The keys to the success of this recipe is that first, it uses two fats -- butter and shortening or butter and leaf lard. If you're unfamiliar with leaf lard, it is a very pure fat made from rendered pork fat -- but it has no pork flavor so your pies won't taste like bacon! Second, making the dough partly by machine reduces the amount of contact your hands have with the dough, thus reducing any contact the fats have with heat.
You can use this dough to make a galette, turnovers or any other sweet pastry. If you're making a savory tart, such as a quiche or tomato tart, just omit the sugar.
Makes enough dough for a two-crust 9-inch pie. If you're only making a one-crust pie, freeze the leftovers for another pie on another day.
Ingredients
- 2 1/2 cups all purpose flour
- 2 tablespoons sugar
- 1 teaspoon salt
- 12 tablespoons (1 1/2 sticks) unsalted butter, very cold, cut into 1/2-inch pieces
- 8 tablespoons all-vegetable shortening (Crisco's no transfats is excellent) or leaf lard
- 6 to 10 tablespoons iced water (this is approximate; you may need more)
Directions
- Place the flour, sugar and salt in the basket of a food processor. Pulse once to combine.
- Sprinkle the diced cold butter over the flour mixture. Pulse 4 or 5 times, one second for each pulse.
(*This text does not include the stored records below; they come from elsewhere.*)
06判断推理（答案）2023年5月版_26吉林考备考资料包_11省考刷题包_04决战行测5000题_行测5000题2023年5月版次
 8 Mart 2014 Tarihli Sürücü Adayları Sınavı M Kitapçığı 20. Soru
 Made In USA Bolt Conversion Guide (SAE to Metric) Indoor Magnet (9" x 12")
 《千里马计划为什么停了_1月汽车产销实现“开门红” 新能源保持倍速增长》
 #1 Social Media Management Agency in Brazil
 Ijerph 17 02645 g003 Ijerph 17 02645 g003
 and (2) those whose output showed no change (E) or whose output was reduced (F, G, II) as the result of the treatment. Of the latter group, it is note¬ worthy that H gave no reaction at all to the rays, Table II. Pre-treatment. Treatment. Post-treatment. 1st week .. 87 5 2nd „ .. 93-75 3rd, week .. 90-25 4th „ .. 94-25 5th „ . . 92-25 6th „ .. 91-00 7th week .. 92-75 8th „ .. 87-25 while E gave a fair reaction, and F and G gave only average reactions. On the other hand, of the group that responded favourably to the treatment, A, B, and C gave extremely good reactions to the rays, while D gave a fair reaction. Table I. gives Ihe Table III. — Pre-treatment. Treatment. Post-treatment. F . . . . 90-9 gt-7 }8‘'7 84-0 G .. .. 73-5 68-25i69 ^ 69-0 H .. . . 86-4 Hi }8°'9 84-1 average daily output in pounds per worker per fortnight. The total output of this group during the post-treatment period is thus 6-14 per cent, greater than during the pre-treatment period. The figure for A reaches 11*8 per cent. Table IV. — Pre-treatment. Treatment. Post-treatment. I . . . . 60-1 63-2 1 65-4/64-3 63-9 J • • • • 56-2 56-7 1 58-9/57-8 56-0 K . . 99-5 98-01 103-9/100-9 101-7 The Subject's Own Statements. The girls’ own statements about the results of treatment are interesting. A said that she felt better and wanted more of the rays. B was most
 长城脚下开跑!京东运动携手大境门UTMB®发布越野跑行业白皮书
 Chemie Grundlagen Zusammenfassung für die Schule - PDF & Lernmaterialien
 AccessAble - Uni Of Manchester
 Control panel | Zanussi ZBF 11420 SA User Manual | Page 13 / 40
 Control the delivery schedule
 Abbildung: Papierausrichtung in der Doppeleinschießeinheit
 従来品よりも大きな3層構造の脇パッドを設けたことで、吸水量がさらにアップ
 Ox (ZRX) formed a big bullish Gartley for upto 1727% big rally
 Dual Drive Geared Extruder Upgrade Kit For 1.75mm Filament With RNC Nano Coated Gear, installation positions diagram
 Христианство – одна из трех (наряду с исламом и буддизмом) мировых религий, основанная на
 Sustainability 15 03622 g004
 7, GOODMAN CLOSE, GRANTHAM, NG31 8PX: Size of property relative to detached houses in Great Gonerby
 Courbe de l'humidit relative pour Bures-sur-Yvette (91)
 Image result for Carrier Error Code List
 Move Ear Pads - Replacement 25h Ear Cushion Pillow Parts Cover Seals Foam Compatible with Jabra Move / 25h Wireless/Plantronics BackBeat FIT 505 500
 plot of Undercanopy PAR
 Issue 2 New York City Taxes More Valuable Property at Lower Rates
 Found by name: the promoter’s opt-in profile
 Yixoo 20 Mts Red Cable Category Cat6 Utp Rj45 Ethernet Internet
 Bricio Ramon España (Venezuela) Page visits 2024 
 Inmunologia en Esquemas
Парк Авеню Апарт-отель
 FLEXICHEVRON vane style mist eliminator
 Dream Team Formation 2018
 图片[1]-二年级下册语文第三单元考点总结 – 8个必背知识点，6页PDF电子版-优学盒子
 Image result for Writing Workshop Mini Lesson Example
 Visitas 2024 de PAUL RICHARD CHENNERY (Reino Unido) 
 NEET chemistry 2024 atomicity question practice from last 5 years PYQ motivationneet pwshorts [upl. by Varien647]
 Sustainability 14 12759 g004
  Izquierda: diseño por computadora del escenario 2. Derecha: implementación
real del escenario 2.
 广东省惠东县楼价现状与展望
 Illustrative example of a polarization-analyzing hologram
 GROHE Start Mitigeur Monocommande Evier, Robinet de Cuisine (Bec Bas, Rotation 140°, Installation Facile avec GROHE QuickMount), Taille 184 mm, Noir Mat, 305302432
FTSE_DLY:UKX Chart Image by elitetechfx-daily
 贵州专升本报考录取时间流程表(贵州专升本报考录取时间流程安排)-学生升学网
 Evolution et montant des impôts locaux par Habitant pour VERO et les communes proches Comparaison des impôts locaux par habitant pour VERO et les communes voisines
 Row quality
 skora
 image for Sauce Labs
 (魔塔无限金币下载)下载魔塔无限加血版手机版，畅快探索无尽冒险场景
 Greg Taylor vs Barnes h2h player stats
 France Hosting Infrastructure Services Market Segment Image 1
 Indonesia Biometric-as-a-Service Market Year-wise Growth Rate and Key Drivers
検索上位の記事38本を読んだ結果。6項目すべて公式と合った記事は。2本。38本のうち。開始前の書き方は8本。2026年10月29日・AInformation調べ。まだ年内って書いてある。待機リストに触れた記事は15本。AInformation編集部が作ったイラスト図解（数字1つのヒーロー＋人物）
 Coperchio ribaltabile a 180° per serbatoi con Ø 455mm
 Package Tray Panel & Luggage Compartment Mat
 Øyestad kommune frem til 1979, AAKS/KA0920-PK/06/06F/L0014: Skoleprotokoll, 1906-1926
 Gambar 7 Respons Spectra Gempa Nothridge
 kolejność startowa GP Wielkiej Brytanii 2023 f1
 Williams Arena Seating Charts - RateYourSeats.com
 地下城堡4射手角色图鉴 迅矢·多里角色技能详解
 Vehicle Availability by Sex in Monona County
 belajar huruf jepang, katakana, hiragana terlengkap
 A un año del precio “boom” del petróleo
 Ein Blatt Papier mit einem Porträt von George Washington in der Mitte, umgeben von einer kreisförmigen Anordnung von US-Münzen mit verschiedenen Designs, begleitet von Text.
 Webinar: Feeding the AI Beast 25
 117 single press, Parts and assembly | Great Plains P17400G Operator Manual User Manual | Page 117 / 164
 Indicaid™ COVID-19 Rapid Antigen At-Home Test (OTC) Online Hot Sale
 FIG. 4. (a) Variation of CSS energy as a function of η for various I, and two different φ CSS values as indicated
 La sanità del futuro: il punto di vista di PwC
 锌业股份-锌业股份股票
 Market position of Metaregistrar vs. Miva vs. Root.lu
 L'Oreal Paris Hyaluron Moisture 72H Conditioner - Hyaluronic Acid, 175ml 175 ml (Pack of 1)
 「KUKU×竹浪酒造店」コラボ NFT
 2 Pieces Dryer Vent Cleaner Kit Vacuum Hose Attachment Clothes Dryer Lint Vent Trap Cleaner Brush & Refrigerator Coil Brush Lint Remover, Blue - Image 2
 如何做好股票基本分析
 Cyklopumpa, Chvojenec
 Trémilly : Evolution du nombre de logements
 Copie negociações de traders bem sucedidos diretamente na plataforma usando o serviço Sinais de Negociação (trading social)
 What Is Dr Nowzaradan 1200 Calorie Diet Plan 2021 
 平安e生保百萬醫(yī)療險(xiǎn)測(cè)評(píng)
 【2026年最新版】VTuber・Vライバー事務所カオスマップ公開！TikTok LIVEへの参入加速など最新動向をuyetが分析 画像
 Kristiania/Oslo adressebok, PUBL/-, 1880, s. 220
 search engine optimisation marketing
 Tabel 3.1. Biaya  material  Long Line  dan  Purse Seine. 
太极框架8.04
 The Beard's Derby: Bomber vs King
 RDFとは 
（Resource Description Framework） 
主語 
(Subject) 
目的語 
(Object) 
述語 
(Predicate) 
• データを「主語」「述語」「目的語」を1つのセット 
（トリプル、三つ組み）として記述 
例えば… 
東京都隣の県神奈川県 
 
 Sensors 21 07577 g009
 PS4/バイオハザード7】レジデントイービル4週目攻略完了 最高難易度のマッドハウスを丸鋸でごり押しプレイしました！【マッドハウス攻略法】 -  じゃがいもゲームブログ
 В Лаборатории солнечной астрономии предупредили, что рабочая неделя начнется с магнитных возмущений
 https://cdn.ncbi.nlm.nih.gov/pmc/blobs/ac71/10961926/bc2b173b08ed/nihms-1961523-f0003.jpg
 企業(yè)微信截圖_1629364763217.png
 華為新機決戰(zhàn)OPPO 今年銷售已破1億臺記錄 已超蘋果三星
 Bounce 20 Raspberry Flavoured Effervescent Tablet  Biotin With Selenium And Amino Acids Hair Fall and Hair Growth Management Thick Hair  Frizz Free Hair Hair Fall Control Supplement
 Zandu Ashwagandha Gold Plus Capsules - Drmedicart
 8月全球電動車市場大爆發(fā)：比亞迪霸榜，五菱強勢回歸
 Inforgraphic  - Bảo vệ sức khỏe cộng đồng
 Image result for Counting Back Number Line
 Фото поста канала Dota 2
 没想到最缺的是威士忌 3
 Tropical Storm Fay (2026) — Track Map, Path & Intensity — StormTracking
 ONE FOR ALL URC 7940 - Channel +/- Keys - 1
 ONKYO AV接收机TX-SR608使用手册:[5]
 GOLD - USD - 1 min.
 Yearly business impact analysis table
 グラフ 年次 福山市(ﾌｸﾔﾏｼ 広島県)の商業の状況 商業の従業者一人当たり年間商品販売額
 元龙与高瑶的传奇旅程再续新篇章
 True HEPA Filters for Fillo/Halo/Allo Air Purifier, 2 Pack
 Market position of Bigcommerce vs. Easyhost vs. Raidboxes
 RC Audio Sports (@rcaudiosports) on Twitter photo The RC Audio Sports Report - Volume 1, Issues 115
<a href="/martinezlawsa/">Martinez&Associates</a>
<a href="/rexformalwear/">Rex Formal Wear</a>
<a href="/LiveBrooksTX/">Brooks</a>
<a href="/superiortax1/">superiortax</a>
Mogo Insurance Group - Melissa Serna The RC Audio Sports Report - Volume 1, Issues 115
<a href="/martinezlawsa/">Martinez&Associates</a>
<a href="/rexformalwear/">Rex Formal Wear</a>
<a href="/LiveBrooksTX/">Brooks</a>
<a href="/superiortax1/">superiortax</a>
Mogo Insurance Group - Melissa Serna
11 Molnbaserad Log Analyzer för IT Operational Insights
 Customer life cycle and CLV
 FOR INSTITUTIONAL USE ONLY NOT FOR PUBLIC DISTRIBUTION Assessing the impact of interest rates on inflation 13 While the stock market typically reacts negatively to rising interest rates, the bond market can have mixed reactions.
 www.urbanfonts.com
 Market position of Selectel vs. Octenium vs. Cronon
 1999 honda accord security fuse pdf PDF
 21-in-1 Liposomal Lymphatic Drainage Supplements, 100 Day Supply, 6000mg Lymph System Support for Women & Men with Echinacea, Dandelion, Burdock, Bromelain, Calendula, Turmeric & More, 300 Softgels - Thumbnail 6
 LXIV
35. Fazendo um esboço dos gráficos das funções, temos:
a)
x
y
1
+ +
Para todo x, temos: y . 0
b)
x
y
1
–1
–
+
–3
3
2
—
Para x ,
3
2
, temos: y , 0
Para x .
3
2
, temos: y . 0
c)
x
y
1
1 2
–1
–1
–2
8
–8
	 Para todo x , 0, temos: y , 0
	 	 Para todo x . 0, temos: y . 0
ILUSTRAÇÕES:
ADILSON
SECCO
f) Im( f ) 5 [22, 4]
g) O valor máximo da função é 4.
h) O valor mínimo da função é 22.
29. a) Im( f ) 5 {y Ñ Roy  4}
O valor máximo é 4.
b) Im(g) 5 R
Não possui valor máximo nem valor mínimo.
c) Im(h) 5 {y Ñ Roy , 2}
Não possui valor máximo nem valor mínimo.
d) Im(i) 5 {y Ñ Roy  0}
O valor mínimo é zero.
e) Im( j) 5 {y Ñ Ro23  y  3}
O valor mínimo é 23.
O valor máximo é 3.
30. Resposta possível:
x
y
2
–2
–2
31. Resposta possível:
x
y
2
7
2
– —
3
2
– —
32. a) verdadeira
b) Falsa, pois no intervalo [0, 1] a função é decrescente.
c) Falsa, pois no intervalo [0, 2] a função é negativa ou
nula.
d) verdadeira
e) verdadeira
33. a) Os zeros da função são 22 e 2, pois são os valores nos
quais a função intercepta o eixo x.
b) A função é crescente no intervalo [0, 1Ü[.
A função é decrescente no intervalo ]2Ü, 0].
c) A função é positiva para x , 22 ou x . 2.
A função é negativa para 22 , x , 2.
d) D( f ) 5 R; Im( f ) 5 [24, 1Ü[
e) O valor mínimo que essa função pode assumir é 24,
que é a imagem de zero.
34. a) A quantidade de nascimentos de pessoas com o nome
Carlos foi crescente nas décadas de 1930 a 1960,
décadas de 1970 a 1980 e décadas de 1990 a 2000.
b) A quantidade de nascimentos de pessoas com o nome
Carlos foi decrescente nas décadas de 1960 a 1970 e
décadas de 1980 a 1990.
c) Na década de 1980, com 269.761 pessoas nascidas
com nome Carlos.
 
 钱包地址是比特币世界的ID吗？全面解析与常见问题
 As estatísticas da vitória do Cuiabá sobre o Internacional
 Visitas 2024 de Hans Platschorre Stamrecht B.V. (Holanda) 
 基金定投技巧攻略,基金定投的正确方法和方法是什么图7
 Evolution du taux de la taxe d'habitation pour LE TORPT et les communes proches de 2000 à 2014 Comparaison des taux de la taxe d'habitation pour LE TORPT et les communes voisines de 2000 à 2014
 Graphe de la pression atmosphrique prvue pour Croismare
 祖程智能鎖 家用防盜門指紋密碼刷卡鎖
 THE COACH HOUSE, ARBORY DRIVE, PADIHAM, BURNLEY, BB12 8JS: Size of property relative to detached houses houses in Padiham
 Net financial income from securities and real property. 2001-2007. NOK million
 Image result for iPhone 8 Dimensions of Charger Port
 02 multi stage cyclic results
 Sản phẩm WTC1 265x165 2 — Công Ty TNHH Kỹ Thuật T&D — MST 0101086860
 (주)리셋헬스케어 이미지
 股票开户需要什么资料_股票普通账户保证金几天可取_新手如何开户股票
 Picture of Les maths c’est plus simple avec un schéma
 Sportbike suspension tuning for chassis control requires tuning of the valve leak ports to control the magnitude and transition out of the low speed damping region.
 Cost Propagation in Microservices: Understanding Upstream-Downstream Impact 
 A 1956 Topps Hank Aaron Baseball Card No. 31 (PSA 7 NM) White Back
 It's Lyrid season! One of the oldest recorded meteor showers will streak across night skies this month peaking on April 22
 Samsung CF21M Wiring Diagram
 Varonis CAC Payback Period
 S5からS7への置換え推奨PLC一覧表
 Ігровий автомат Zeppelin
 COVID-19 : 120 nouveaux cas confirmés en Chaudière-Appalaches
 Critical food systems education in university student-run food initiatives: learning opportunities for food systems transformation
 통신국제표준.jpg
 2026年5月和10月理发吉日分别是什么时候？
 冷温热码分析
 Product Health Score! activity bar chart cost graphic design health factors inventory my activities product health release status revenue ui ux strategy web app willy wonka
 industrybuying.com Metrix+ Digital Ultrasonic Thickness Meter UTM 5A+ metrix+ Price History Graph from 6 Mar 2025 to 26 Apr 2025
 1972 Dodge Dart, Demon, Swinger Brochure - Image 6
Add the shortening or leaf lard and repeat the pulsing, until the mixture resembles corn meal. Do not over-mix.
- Transfer this mixture to a large mixing bowl and add the ice water, adding 6 tablespoons to start, and with a fork combine until large clumps form and the dough starts to hold together. If you need more than 6 tablespoons, sprinkle additional ice water gradually, a tablespoon at a time, so that you don't get it too wet (although if this happens, don't panic; just gather up the finished dough and pat it with small amounts of extra flour until it achieves a tender, workable consistency). Adding the ice water by hand and not all at once in the food processor gives you vastly more control and thus, a better, flakier result.
- Gather the dough into a ball, cut it into two pieces of about equal size, flatten the pieces each into a disc, wrap in plastic wrap and chill in the refrigerator for about a half-hour.
You can make the dough up to a day in advance, keeping it in the refrigerator.